Broadband providers will be required to ensure that their ten million UK customers can more easily take advantage of cheaper broadband deals in an increasingly competitive market, under new regulations proposed by the UK communications industry watchdog OFCOM on 17 August 2006.  

OFCOM's move is in direct response to high levels of complaints from consumers who have found it difficult to switch providers, and since it considers this issue particularly urgent, OFCOM has reduced the usual ten-week consultation period to seven weeks. This means that broadband providers will only have until 5 October 2006 to put forward their views (see box 1 below for an overview of the consultation timeline).

Essentially, the consultation will cover OFCOM's proposed introduction of new regulations governing digital subscriber line (‘DSL’) broadband migrations (‘the DSL Consultation’).  While the proposals are aimed at those broadband providers that make it difficult for customers to switch, once adopted they will apply to all service and wholesale broadband providers.

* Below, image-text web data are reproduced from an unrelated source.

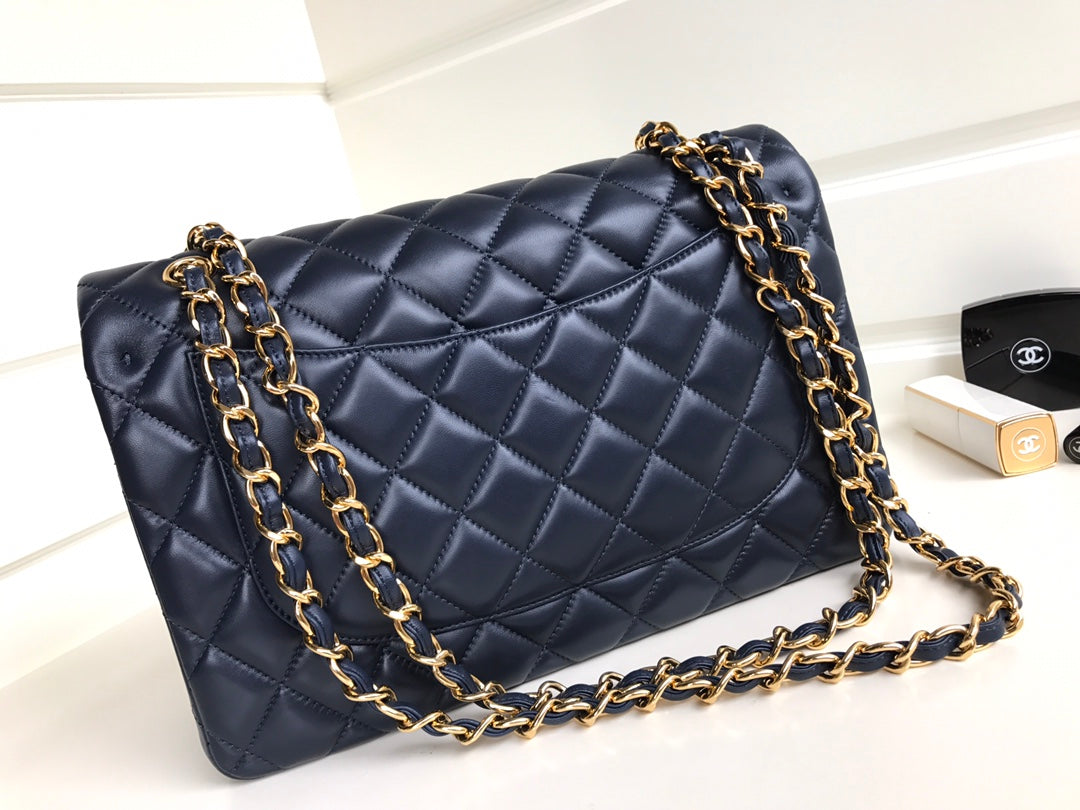 Chanel Classic Quilted Flap Bag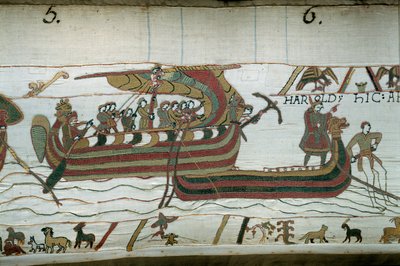 La flotte de Harold - Unknown artist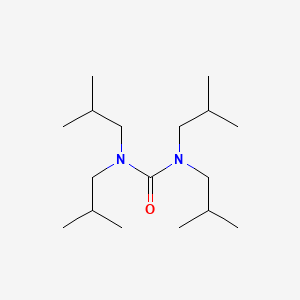 molecular formula C17H36N2O B7771732 Tetraisobutyl-urea 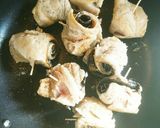 ☆小ホッケ魚の海苔餡からめ煮作り方5写真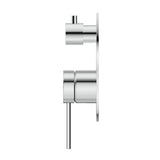 Mica Shower Mixer Diverter - 1P - TRIM KIT ONLY - Chrome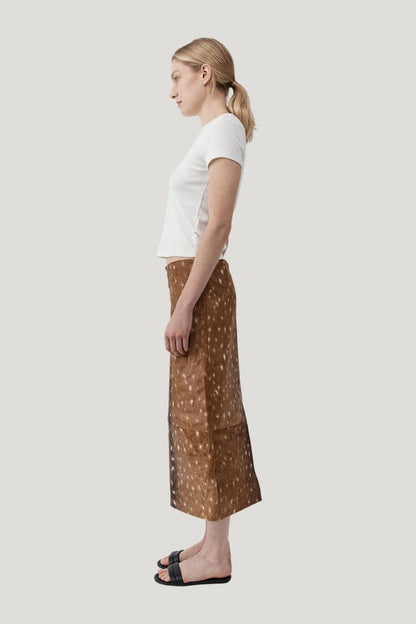 Fawn Pencil Skirt — carry 3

This article will look at the background to the proposals and the existing regulation of broadband services. It will then examine in more detail the proposals that are currently the subject of consultation.

Background

The take-up of broadband in the United Kingdom has spiralled. Nearly 70 per cent of internet usage is now via a broadband connection,  compared with less than 10 per cent in 2005.  This is in part due to new regulatory and industry initiatives, but also because providers themselves see a potential market for the product and consumers' demand for that product.

In recent months, many service providers have also been offering ‘free’ broadband packages, such as those offered by Orange, BSkyB and TalkTalk, to encourage wannabe broadband customers to sign up or switch to their service.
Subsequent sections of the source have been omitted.